If you see me at the playground or at the next story time, don’t think I am rude. You may not understand what I say, or agree with what I am doing, but raising my child bilingual is one of the most important decisions I have made so far in parenting.
It hasn’t been that long, my son is not yet two, but starting early- meaning at birth and even earlier- is important when it comes to raising bilingual children. I have many reasons why I want him to speak Spanish right away. The emotional reason is that Spanish is my first language and my dad does not speak English; if I want my son and my dad to understand each other I need him to learn the language.
The other reason, the rational one, is that I know the many opportunities that he will have when he grows up and is bilingual. A lot of doors have opened for me for this very reason, and I want to give my children at least the same opportunities that I’ve had. It also sets him up for learning a third or fourth language.
If we start later or don’t do it consistently it will be harder for him to be bilingual- not impossible, but definitely harder. Keep in mind that as he goes to school, the majority of his day will be spent listening to and speaking English, and by the time he is in elementary school, he will likely be English dominant, meaning his English language skills will be stronger than his Spanish. I need to set a precendent from the start that at home we only speak Spanish, even when it becomes a chore.
Teaching him Spanish works out really well for us, my husband learned Spanish in high school and through his parents’ insistence continued in college and beyond. He is now bilingual, and is happy to speak to our son in Spanish, something I find terribly cute.
What this means, however, is that when you see me at the playground, or the supermarket, or anywhere else, I will be speaking to my son in Spanish, even if I get weird looks, or if other parents and children next to me don’t understand what I am saying.
I have often felt weird speaking Spanish in front of others, even though it is my stronger language. I worry that people will think I am rude. I know that some people instantly assume that because you are speaking a different language you are talking about them- in my experience this is simply not true. I won’t get into some people’s feelings about the need to learn English because we live in the United States, as I said before, he will be speaking English very shortly and if there was a problem with his academic progress related to his language skills I will be the first one to help him correct it.

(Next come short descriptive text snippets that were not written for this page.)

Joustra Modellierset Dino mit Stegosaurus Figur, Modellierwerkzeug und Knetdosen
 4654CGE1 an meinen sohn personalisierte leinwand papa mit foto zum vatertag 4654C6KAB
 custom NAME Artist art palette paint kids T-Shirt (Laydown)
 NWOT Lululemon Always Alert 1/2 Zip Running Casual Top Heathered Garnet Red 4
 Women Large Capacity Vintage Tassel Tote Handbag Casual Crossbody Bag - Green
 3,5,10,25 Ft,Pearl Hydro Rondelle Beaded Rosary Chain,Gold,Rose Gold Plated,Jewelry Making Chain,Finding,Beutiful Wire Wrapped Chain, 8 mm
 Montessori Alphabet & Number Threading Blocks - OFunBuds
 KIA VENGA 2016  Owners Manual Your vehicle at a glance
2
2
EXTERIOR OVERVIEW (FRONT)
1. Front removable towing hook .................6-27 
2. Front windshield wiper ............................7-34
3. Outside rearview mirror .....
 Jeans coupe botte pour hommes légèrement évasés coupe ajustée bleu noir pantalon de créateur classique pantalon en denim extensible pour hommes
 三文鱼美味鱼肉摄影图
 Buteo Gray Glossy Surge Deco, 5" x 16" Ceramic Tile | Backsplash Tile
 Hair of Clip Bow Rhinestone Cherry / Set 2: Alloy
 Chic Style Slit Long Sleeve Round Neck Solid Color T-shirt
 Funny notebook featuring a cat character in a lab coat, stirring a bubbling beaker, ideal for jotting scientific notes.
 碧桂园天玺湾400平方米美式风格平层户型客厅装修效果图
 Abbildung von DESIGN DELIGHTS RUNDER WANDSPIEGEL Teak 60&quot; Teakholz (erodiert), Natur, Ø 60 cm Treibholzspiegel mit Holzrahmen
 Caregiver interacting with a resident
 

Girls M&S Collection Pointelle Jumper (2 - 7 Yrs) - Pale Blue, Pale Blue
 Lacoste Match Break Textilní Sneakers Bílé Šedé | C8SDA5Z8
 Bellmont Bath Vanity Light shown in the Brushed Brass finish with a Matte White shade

Very few people have told me that they disagree with what I am doing, and I am grateful for the friends who not only accept but encourage me to keep going, even when they don’t understand what we are saying. But I have gotten some looks, some curious, others bothered. A couple of people have come and asked what language I am speaking, I am always happy to talk to them.
If you are next to us, listen closely and you’ve taken a Spanish class before, you’ll recognize simple words, quite possibly the same ones you use with your toddler. If you want to know what I am saying, look at our body language. If I am kneeling, at eye level with my son, and looking stern, I am quite possibly disciplining; if we are both smiling and animated I may be encouraging or commending him for a job well done.
I do take some care when interacting with my child and other children. For example if my son takes your child’s toy at the playground, I will often tell my son first in Spanish not to do that, then repeat in English so that your child knows what I have said. I do this because for children our different language may be confusing, however, it has been children who recognize what we say because they watch Dora and get so happy to use their Spanish words.
Regardless of others’ reactions, I will not change my mind about this, and I will not switch over to English just because the person next to me doesn’t understand Spanish. Please understand that I have to be strict about it.
So next time you see me in the park, and my son greets you with a friendly “Hola,” please answer back. We are not that different, and we are always happy to make new friends.
Are you raising bilingual children? What is your strategy in accomplishing this?
Have you come in contact with parents speaking a different language to their children? How do you feel about it?